Rapid Rail Sdn Bhd
- Type: Private Limited
- Industry: Public Transport Operator
- Founded: Malaysia (2002) (as Rangkaian Pengangkutan Integrasi Deras Sdn Bhd)
- Headquarters: No. 1, Jalan PJU 1A/46, Off Jalan Lapangan Terbang Subang, 47301 Petaling Jaya, Selangor.
- Area served: Klang Valley
- Key people: Amir Hamdan (Chief Executive Officer) Vacant (Chief Operating Officer, LRT & Monorail Ramli Shafie (Chief Operating Officer, MRT
- Services: Railways
- Parent: Prasarana Malaysia
- Website: www.myrapid.com.my

= Rapid Rail =

Metro system operator in Kuala Lumpur

Rapid Rail Sdn Bhd is the operator of the rapid transit (metro) system serving Kuala Lumpur and the Klang Valley area in Malaysia.

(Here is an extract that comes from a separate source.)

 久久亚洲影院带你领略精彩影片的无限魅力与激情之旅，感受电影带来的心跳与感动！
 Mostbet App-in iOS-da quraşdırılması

A subsidiary of Prasarana Malaysia, it is the sole operator of six rapid transit lines which collectively form the Rapid KL rapid transit system. The system currently consists of four light rapid transit (LRT) lines, two mass rapid transit (MRT) lines and a monorail line, with another MRT currently under construction.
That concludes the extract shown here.